The audience erupted in laughter and began chanting, “USA! USA! USA!” The chant then switched: “Four more years! Four more years! Four more years!”

Certainly the man on stage conveyed confidence that his conservative supporters will get those four more years. He spoke for more than an hour, showing remarkable stamina as he cracked jokes about the media and his Democratic rivals before finally returning to the script: “The American adventure has only just begun. With your help and the good Lord’s grace, we will continue to push onward to our nation’s magnificent destiny.
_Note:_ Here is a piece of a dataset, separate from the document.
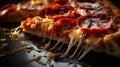 Urban Delight: Vivid Close-Up of a Glistening Pepperoni Pizza Slice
We will continue to make our republic the inspiration, the glory, and the envy of the world. As long as we are confident in our values, loyal to our citizens, and faithful to our God, there is no limit to what we can achieve. The United States of America will always march on to victory.”

In the conclusion of his speech, Trump thanked Matt Schlapp, chairman of the American Conservative Union, which sponsors CPAC, and Schlapp’s wife, Mercedes, a former White House communications official who is now working on the president’s reelection campaign: “America is thriving like never before. And, ladies and gentlemen, the best is yet to come. I want to thank Matt, I want to thank Mercedes. I want to thank the great patriots of CPAC. God bless you. God bless America. And we will see you next year.”

Next year? If Trump wins in November and returns to the CPAC stage triumphant to begin his second term? Yeah, as the kids say, it’s going to be lit.